The Consul servers and agents are deployed in global mode. If you spin up more managers or workers after the cluster is established, the additional consul nodes will automatically connect to the cluster.

---
version: '3.3'
networks:
  default_net:
    external: true
services:
  # Deploy the consul server instances
  server:
    image: consul:latest
    networks:
      default_net:
        aliases:
          - consul.server
    # Start the consul server with the given configuration
    command: "consul agent -config-file /consul/config/config.json"
    # Expose port 8500 so we can access the UI and allow connections across datacenters.
    ports:
      - target: 8500
        published: 8500
        mode: host
    # Mount the configuration and data volumes to the container.
    volumes:
      - /opt/consul:/consul/config
      - /opt/consul/data:/consul/data
    # Deploy the consul server on all servers which are managers.
    # Use DNS Round Robin instead VIP for discovery. This ensures we get all running
    # consul server instances when querying consul.server
    deploy:
      mode: global
      endpoint_mode: dnsrr
      update_config:
        parallelism: 1
        failure_action: rollback
        delay: 30s
      restart_policy:
        condition: any
        delay: 5s
        window: 120s
      placement:
        constraints:
          - node.role == manager
  # Deploy the consul agent instances
  agent:
    image: consul:latest
    networks:
      default_net:
        aliases:
          - consul.server
     # Start the consul agent with the given configuration          
    command: "consul agent -config-file /consul/config/config.json"
    ports:
      - target: 8500
        published: 8500
        mode: host
    # Mount the configuration and data volumes to the container.
    volumes:
      - /opt/consul:/consul/config
      - /opt/consul/data:/consul/data
    # Deploy the consul agent on all servers which are workers.
    # Use DNS Round Robin instead VIP for discovery.  
    deploy:
      mode: global
      endpoint_mode: dnsrr
      update_config:
        parallelism: 1
        failure_action: rollback
        delay: 30s
      restart_policy:
        condition: any
        delay: 5s
        window: 120s
      placement:
        constraints:
          - node.role == worker

Deploy the Consul Cluster

The following command will deploy the entire Consul cluster.
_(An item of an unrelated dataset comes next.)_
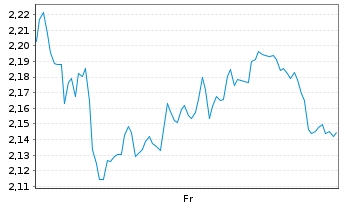 Chart Mini Future Long Continental - 1 semaine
docker stack deploy -c /opt/consul/compose.yaml consul

Accessing the Consul Cluster

The last part to the guide is how to access the various components of the cluster.

Consul UI

The UI can be access by connecting to any of the managers using http://<manager-ip>:8500/ui.

Consul API

The API can be access by connecting to any of the nodes using http://<node-ip>:8500/v1/

Service Registration/Discovery

The normal setup is the application accessing the Consul node which is running on the same machine. However, with containers in the mix, the way to connect differs. If the application is not deployed as a docker service, then you can still register the service in Consul using <node-ip>:8500 or localhost:8500 but health checks will fail.

If the deployed as a service which is most likely scenario when using Docker Swarm Mode. Then you can use the ingress gateway to connect to Consul, which for my configuration was 172.17.0.1:8500. The service must be attached to default_net for health checks to work correctly.